The Wisent

The wisent (Romanian: zimbru), or European bison (Bison bonasus), is a bison species and the heaviest surviving land animal in Europe. A typical wisent is about 3.0m long and 1.8–2.2m tall, and weighs 300–920kg. It is typically smaller than the related American bison (Bison bison), and has shorter hair on the neck, head, and forequarters, but longer tail and horns. Wisent are now forest-dwelling. They have few predators (besides humans) with only scattered reports from the 1800s of wolf and bear predation. Wisent were first scientifically described by Carolus Linnaeus in 1758. Some later descriptions treat the wisent as conspecific with the American bison. It is not to be confused with the aurochs (Romanian: bour), the extinct ancestor of domestic cattle.

In Western Europe, wisent became extinct by the 11th century, except in the Ardennes, where they lasted into the 14th century. In Moldavia the last wisent was killed in 1762, and in Transylvania in 1790. In north-eastern regions, wisent were legally the property of the Polish kings, Lithuanian grand dukes and Russian czars. King Sigismund I of Poland instituted the death penalty for poaching a wisent (known as żubr in Polish) in the mid-16th century. Despite these measures, and others, the wisent population continued to decline over the following four centuries. Many bison became victims of World War I, with German troops occupying Bialowieza killing 600 of the animals for meat, hides, and horns. A German scientist brought to the attention of army officers that the animals were facing imminent extinction, but at the very end of the war, retreating German soldiers shot all but 9 bison. The last wild wisent in Poland was killed in 1919 and the last wild wisent in the world was killed by poachers in 1927 in the Western Caucasus.
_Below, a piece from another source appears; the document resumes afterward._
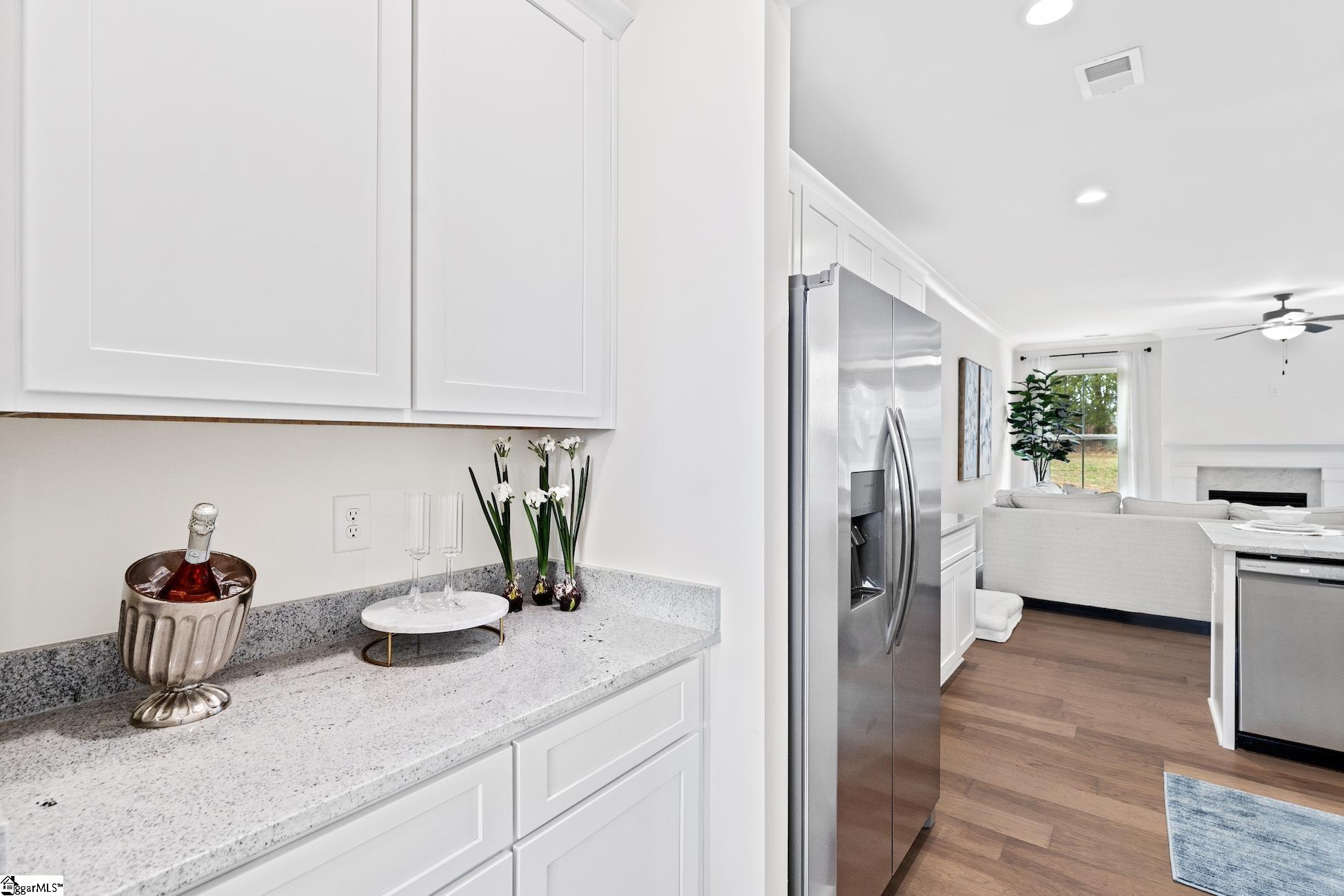 305 Summerall Drive Anderson, SC 29621 - Photo 11 of 41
By that year fewer than 50 remained, all in zoos.

Wisent were reintroduced successfully into the wild, beginning in 1951. Free-ranging herds are found in Poland, Lithuania, Belarus, Ukraine, Romania, Russia, Slovakia, Latvia, Kyrgyzstan and since 2006 in Moldova. Actually, there were 3,000 individuals (as of 2000), all descended from only 12 individuals. Because of their limited genetic pool, they are considered highly vulnerable to diseases like foot and mouth disease.

In Romania were created four natural reservations for wisents: Haţeg-Slivuţ - the oldest one (Transylvania, November 12, 1958, 6 wisents), Dragoş-Vodă Reservation in Vânători Neamţ (Moldavia, 1968, 4ha, 4 wisents), Bucşani, Dâmboviţa - the largest one (Wallachia, 1980, 162ha, 32 wisents), and Valea Zimbrilor Reservation, Vama Buzăului - the newest (Transylvania, 2008, 92ha, 5 wisents). Now, at Dragoş-Vodă Reservation is under construction a 'Center for Reproduction and Management for the Wisents', with an area of 107ha and all the facilities needed.